It’s like speaking to a statue, a quiet, forbidding monolith. But he looks at her and smiles mildly.

“Go?” he asks. “Why should I go anywhere?”

Behind her Elsa hears the steps and breaths of those who have started to throng into the cavern and push out toward the walls. Those who are watching them at a distance. Those waiting.

His voice is hardly more than an exhalation, yet still Elsa hears every word.

“I have created my Heaven on Earth,” he says. “Every one of these people sees me as their prophet. Their guide. Their master. They drink the words from my lips. I have created Silvertjärn in my own image. No, I am not going anywhere. We have many lovely years ahead, Silvertjärn and I.”
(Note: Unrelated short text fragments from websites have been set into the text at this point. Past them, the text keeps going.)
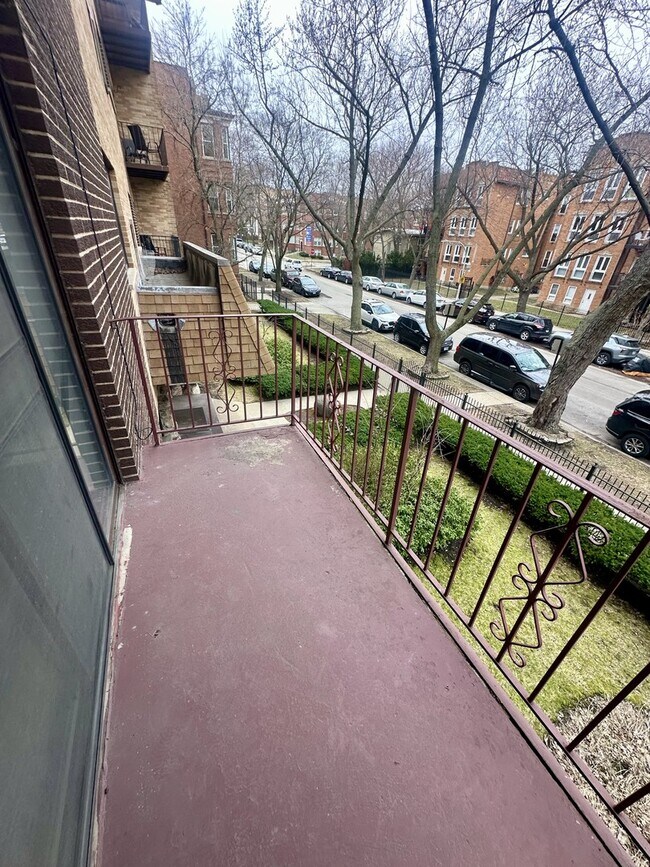 Building Photo - 1629 W Greenleaf Ave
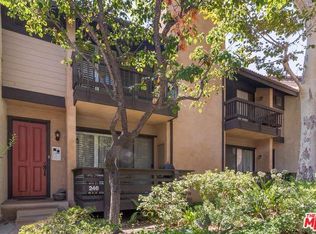 21900 Marylee St UNIT 246, Woodland Hills, CA 91367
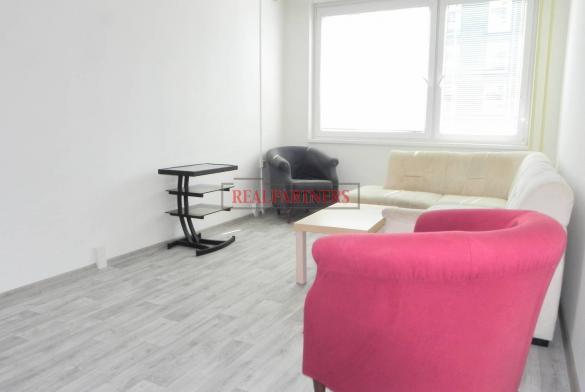 Exklusivní nabídka družstevního byty 2+kk, 43 m² + 3 m² sklep, neprůchozí pokoje.
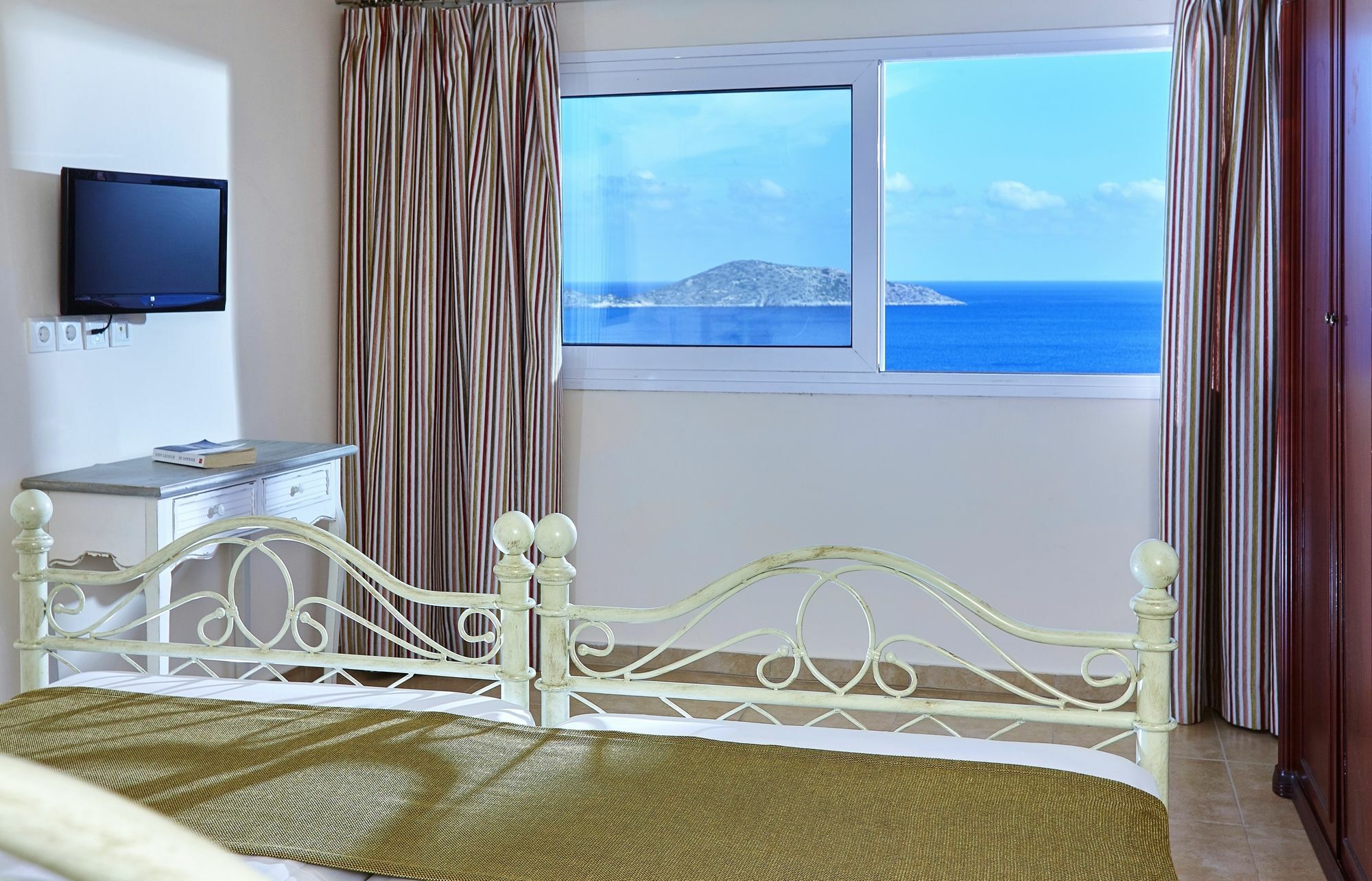 Elounda Eleon Ellinika (Crete)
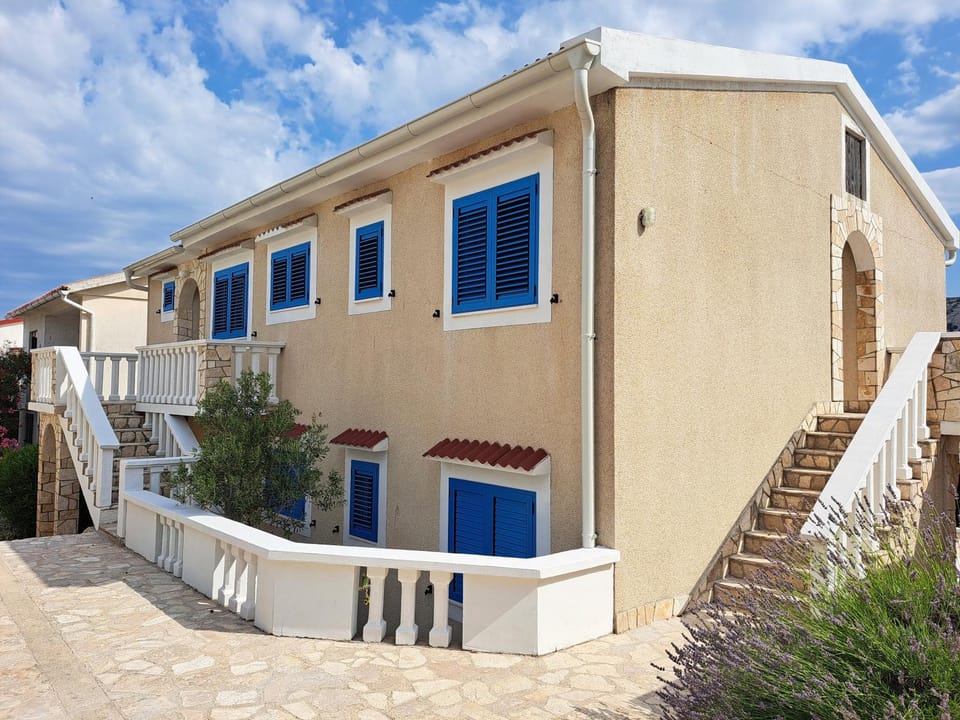 Property building, Parking
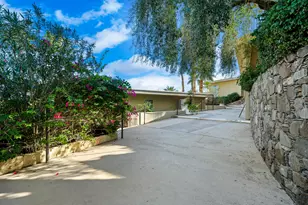 2014 Southridge Dr, Palm Springs, CA 92264 - Photo 32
The light of the torch dances in his gray eyes.

“Down here I am God.”

 NOW

In this darkness I am blind.

With every step I take, my knee sends small streams of pain up my leg, and my back is one single aching knot. I can’t tell if it’s the lack of light or the blow to my head that’s affecting my balance, but I keep on bumping into walls, having to catch myself with grazed palms.

I hear Robert staggering behind me. He sounds like he’s doing better than me, but that isn’t saying much.

When I feel the water start to seep into my shoes I don’t realize what it is, I just take another step. It’s the splashing sound that makes me stop.

“What…” I begin, but I’m cut off by Aina’s hoarse, excited voice as it creeps over my shoulder.

“Here,” she says, and I hear her approach, hear Robert grunt as she shoves past him, her hands still fixed on Tone.

The light dazzles my sore eyes, and I blink hard, trying to get my vision to clear.

The tunnel is small and cramped. It’s a transport tunnel: behind us it’s straight, but ahead it looks like it starts to dip down into a bend. The mine itself must be further down. The water has flooded the passageway up to the bend, forming a sinkhole, some sort of underground lake. It’s impossible to see how deep it is, or how far down it goes.

When I turn to look at Aina and Tone, I see that Aina is holding an old kerosene lamp made of glass and steel. It looks basic, and the kerosene container is almost empty, but it’s more than enough for the small tunnel. In the light of the burner the dark surface of the water looks like oil, sleek and black.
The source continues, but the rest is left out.